The following was what we had in the order we had it, starting with the Braised Ling cod tail in hot pot. We were all impressed by the size of the fish’s appendage, and how satisfying it ate. This was tender flaky fish thoroughly coated in a thick and savoury sauce, accented by roasted pork pieces. This was a great introduction of things to follow.
When ordering lobster at a Chinese restaurant, you pay per pound. So as a gesture of full transparency, the restaurant staff typically brings the crustacean you are about to consume, live to your table for inspection. A visit to your table first, before it gets broken down into our Lobster with yee-mein noodles in a cream sauce dish.
Naturally this was an exciting dish, I just wished the flavours were as bold as the idea of having lobster. As a whole the dish was very subtle. I didn’t feel like I got enough lobster from it. The lobster didn’t feel like the star of the dish. You didn’t get much of its flavour past the cream sauce, and I found the dish lacking in salt.
Another classic Chinese set meal, show stopper is the Peaking duck, served across two courses. The first had its skin being carved table side to be used as the filling for wraps with thin crepes, cucumber, fresh spring onion, and hoisin sauce. A classic that you don’t ever get much of, due to the cost and the need to share. Therefore, when you get such a dish before you, it is a treat; and one I fully appreciate.

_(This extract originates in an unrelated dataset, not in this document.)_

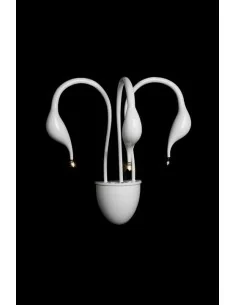 Illuminati Meta Swan da parete 3 luci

In actuality the duck was carved closer to the bar, adjacent to our table. When asked, the server carving it refused to move their station closer to our table so that we could all watch the experience of a table side skinning. So with the “no”, we continued to arch our backs, trying to peer over his, that faced us. If that is the case, they might as well do this work in the kitchen, and simply serve us the dish prepared with a more delicate presentation.
The second Peking duck course would come a few dishes later as a diced duck meat filling with crunchy bits of carrot, celery, and turnip; all sitting on a bed of crispy fried rice for additional crisp and texture. You start with a washed cabbage leaf and fill it with a spoon or two of the ingredients above, before drizzling over everything with more sweet and tangy hoisin sauce. The offering was pretty fresh with plenty of texture to chew through. The table especially appreciated the puffed rice used, which we found a nice spin on things, instead of the traditional crispy vermicelli.
I am not a fan of leafy greens due to their soggy texture, so passed on the Pea shoots with garlic. But this would be the one fully vegetable focused dish that is ordered with such a Chinese feast.
The Marinated chicken with black truffle sauce isn’t on the regular menu, this was a special order off their dim sum menu. Those who have been before, know this was the one to order, and they weren’t wrong. This was the most memorable dish of the night. The chilled chicken was super tender, its naturally simple flavour lent itself well to the bold punch of truffle, and they didn’t cheap out on its oil here. However, you still needed to balance it with cilantro and onions, so that the chicken wouldn’t read as bland.
Our group used the Sweet and sour pork dish as a bench mark; an indication on how well the restaurant does with the classics, in comparison to other. This was a dish that everyone knows of (Chinese or not), and knows what to expect when having some. Therefore it was a good sign when everyone was easily able to taste the quality in the ingredients used. The restaurant did this so well that the next time I crave sweet and sour pork, going forward, this is what I want it to taste like.
Similarly, our table also really liked their Stir fried flat rice noodles with beef. We all agreed that we could make out the extra heat that went into this dish with the “Wok hay”. It was delicious, period. Definitely some of the best have all had.
When it came time for dessert, the restaurant was helpful in presenting the outside bought cake, with candles lit. A classic Chinese fresh fruit and vanilla sponge, with plenty of cream cake from Saint Germaine. Apparently the bakery misplaced the actual cake our group planned to purchase and surprise both Hanson and I with; therefore the staff upgraded us to a larger cake with their apologizes.
The restaurant also brought our table a complimentary steamer of lucky peach-shaped buns, stuffed with lotus paste. I appreciated the gesture and the tradition. We each got one to usher in luck.
In conclusion, when looking for a full Chinese feast across several larger plat for sharing, Chef’s Choice is a solid pick. Afterall, 7 food bloggers thought so, and enjoyed their time within.